In these circumstances a correct full score of the opera could normally be published on the basis of the autograph manuscript. But the difficulty with Les Pêcheurs de perles is that the autograph is in private hands and is not likely to be accessible to scholars for many years. Earlier attempts to provide a complete text have offered new orchestrations of the missing passages on the basis of Bizet’s vocal score, which is an acceptable solution. But a much closer approximation to Bizet’s scoring can be arrived at by consulting a manuscript of the opera held by the Bibliothèque-Musée de l’Opéra, Paris, deriving from the original performances of the opera at the Théâtre-Lyrique in 1863. This is a “Violon-Conducteur” score, used by the conductor in the theatre: a reduction on six staves showing the principal wind and string entries and important elements of the orchestration not specified by the vocal score. In addition this Violon-Conducteur includes certain passages which were cut from the opera before the vocal score was printed.
The new Bärenreiter edition establishes the text of the opera as Bizet wrote it, with certain parts of the opera newly orchestrated by the editor Hugh Macdonald on the basis of the vocal score and the Violon-Conducteur.
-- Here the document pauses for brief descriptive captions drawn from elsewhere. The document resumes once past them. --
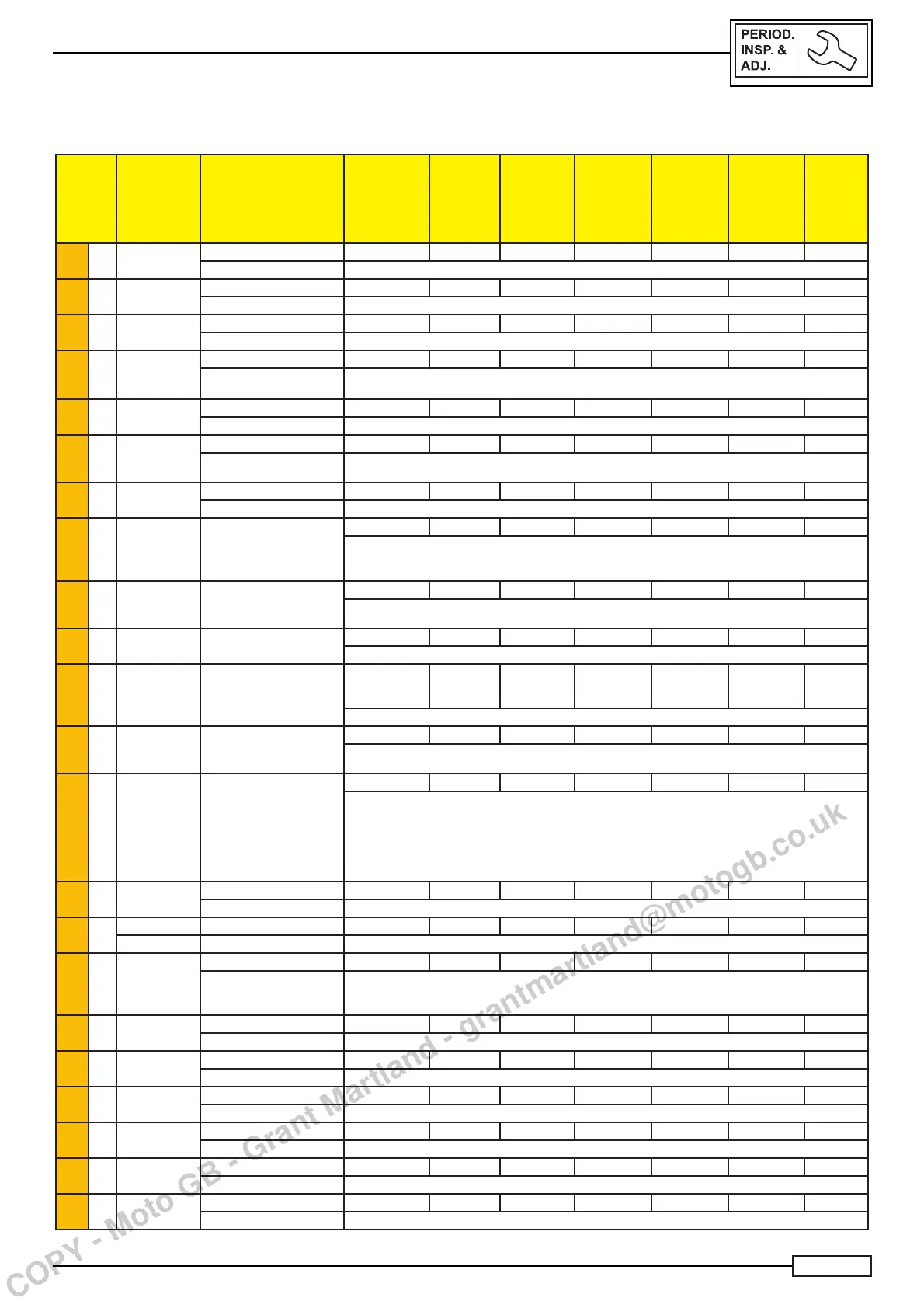 Page #43 background image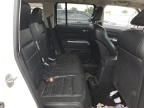 2008 Jeep Patriot Limited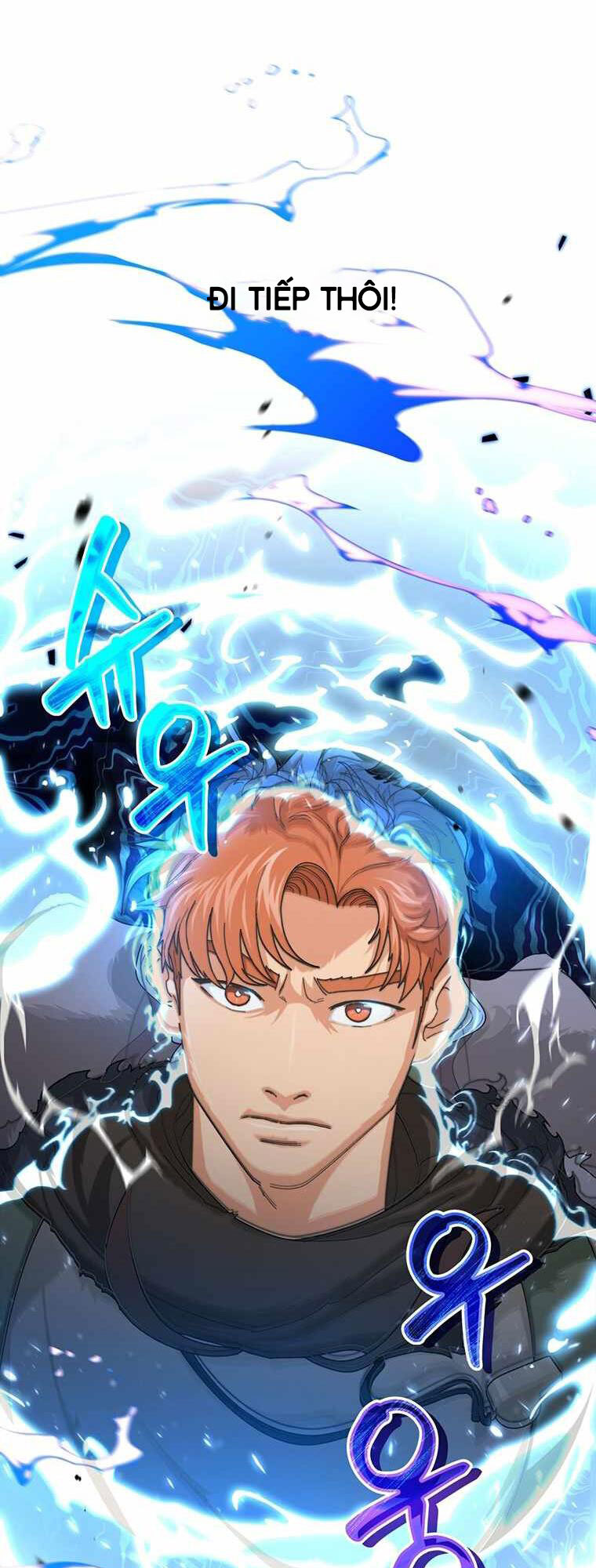 Mắc Kẹt Trong Tòa Tháp Thử Thách Chap 2 - Next Chap 3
The most important of these passages are
1) the close of the opening scene, in which it has become traditional to reprise the duet for Nadir and Zurga “Oui, c’est elle, c’est la déesse” instead of Bizet’s version which deliberately leaves the duet as a tantalising glimpse of the beautiful girl they have both forsworn.
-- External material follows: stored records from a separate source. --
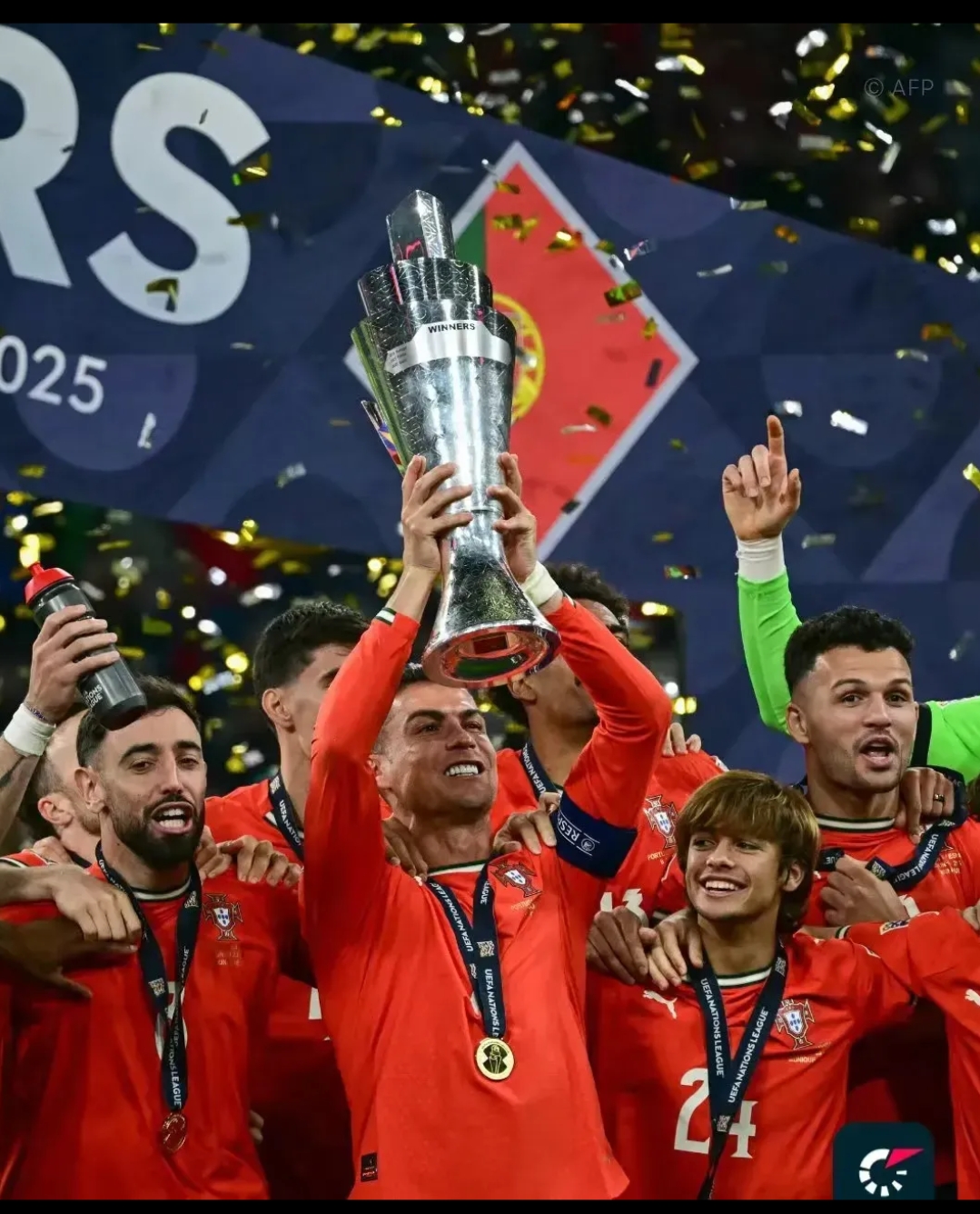 葡萄牙足球风采依旧,晋级欧国联半决赛的简单介绍 葡萄牙足球风采依旧,晋级欧国联半决赛的简单介绍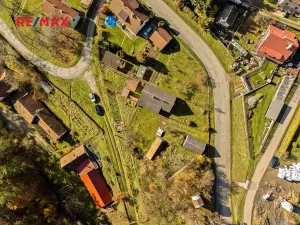 Prodej rodinného domu, Týnec nad Sázavou, 71 m2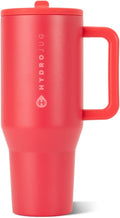 HydroJug Traveler 32oz, Insulated Tumbler by Hydrojug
2) Two sections in the duet for Leïla and Zurga in the first tableau of Act III.
3) Part of the Chœur dansé “Dès que le soleil” in the second tableau of Act III.
4) The original ending.
The new edition also shows, in an Appendix, the text of spoken dialogue that was replaced by recitatives before the 1863 performances, also the passages in the Violon-Conducteur score that were cut before those performances and which have not been published before.
The inauthentic versions of the opera that were published after Bizet’s death are shown in another Appendix. These include a Trio composed by Benjamin Godard and the two different endings, neither of them by Bizet, given in the two editions of the Choudens full score.
An additional Appendix provides a new edition of the timpani part. Although he was a master of orchestration, Bizet was notoriously unconcerned about the pitches of the two drums available to his timpanist. The vocal score shows that he often intended the pitch to be other than the one available at the time, and there are frequent collisions with the prevailing harmony. Allowing the use of three modern tunable drums, the editor has rewritten the timpani part for present-day use. An English translation for singing is included in the score and the vocal score version of the new edition.
With this new edition, conductors and stage-directors will be able to plan a performance of Bizet’s youthful masterpiece with the full information concerning authentic and inauthentic versions of the opera.